**DATASET CONTENT**
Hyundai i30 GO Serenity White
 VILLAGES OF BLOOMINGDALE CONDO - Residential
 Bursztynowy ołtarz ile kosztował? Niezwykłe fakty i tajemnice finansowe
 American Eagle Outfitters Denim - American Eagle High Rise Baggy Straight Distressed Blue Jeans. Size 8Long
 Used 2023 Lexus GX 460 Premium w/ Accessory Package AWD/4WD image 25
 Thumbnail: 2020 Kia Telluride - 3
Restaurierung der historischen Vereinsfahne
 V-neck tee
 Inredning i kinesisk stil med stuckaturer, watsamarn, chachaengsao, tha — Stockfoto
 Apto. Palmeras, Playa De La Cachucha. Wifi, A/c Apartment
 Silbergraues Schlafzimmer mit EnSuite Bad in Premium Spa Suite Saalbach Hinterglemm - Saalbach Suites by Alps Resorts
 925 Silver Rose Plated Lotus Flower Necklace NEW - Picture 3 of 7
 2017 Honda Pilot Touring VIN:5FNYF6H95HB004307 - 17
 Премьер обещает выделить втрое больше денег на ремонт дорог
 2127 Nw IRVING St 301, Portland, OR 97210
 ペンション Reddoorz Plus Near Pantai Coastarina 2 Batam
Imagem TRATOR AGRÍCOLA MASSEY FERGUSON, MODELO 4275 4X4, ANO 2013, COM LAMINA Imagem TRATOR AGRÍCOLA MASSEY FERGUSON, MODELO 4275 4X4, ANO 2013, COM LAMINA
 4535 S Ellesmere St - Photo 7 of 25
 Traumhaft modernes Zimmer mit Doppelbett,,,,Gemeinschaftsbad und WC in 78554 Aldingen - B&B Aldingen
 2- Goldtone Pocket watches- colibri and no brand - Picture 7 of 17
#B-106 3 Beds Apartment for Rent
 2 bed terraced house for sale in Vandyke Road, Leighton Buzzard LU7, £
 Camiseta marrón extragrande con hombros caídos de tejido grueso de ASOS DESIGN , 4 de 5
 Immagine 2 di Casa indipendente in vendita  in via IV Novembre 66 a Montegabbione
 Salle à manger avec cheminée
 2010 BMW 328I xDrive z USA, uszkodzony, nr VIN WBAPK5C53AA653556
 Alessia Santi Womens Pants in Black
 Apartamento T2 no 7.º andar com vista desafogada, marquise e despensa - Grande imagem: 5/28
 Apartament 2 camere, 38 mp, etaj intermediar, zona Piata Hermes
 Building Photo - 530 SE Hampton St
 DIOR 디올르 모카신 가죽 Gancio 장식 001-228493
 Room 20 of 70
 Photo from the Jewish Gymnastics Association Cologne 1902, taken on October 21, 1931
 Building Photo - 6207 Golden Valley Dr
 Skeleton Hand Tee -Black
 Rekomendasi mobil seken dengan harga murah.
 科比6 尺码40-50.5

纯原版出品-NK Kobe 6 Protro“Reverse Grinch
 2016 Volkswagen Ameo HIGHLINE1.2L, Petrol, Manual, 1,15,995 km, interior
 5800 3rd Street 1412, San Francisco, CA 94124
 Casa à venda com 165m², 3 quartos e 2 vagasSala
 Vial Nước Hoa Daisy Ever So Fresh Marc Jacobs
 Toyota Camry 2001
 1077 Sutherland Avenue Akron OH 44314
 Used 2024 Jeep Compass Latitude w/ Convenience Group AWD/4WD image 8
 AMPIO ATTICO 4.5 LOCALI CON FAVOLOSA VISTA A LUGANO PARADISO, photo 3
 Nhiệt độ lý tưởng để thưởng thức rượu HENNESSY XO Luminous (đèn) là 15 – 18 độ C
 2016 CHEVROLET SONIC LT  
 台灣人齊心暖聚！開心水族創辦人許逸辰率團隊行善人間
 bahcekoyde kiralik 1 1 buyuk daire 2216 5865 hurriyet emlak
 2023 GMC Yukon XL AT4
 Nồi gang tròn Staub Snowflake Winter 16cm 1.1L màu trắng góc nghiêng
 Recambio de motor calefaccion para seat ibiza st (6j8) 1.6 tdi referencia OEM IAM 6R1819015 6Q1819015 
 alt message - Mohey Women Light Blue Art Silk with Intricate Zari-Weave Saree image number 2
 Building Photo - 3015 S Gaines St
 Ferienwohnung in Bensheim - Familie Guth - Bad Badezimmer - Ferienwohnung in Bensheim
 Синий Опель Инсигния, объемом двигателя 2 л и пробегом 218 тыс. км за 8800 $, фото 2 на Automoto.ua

**WHAT NEEDS TO BE DONE**
Start with the first line. Please copy exactly each line of the listing through the one with "Alessia Santi Womens Pants in Black", including it.

**ANSWER SPACE**
Hyundai i30 GO Serenity White
 VILLAGES OF BLOOMINGDALE CONDO - Residential
 Bursztynowy ołtarz ile kosztował? Niezwykłe fakty i tajemnice finansowe
 American Eagle Outfitters Denim - American Eagle High Rise Baggy Straight Distressed Blue Jeans. Size 8Long
 Used 2023 Lexus GX 460 Premium w/ Accessory Package AWD/4WD image 25
 Thumbnail: 2020 Kia Telluride - 3
Restaurierung der historischen Vereinsfahne
 V-neck tee
 Inredning i kinesisk stil med stuckaturer, watsamarn, chachaengsao, tha — Stockfoto
 Apto. Palmeras, Playa De La Cachucha. Wifi, A/c Apartment
 Silbergraues Schlafzimmer mit EnSuite Bad in Premium Spa Suite Saalbach Hinterglemm - Saalbach Suites by Alps Resorts
 925 Silver Rose Plated Lotus Flower Necklace NEW - Picture 3 of 7
 2017 Honda Pilot Touring VIN:5FNYF6H95HB004307 - 17
 Премьер обещает выделить втрое больше денег на ремонт дорог
 2127 Nw IRVING St 301, Portland, OR 97210
 ペンション Reddoorz Plus Near Pantai Coastarina 2 Batam
Imagem TRATOR AGRÍCOLA MASSEY FERGUSON, MODELO 4275 4X4, ANO 2013, COM LAMINA Imagem TRATOR AGRÍCOLA MASSEY FERGUSON, MODELO 4275 4X4, ANO 2013, COM LAMINA
 4535 S Ellesmere St - Photo 7 of 25
 Traumhaft modernes Zimmer mit Doppelbett,,,,Gemeinschaftsbad und WC in 78554 Aldingen - B&B Aldingen
 2- Goldtone Pocket watches- colibri and no brand - Picture 7 of 17
#B-106 3 Beds Apartment for Rent
 2 bed terraced house for sale in Vandyke Road, Leighton Buzzard LU7, £
 Camiseta marrón extragrande con hombros caídos de tejido grueso de ASOS DESIGN , 4 de 5
 Immagine 2 di Casa indipendente in vendita  in via IV Novembre 66 a Montegabbione
 Salle à manger avec cheminée
 2010 BMW 328I xDrive z USA, uszkodzony, nr VIN WBAPK5C53AA653556
 Alessia Santi Womens Pants in Black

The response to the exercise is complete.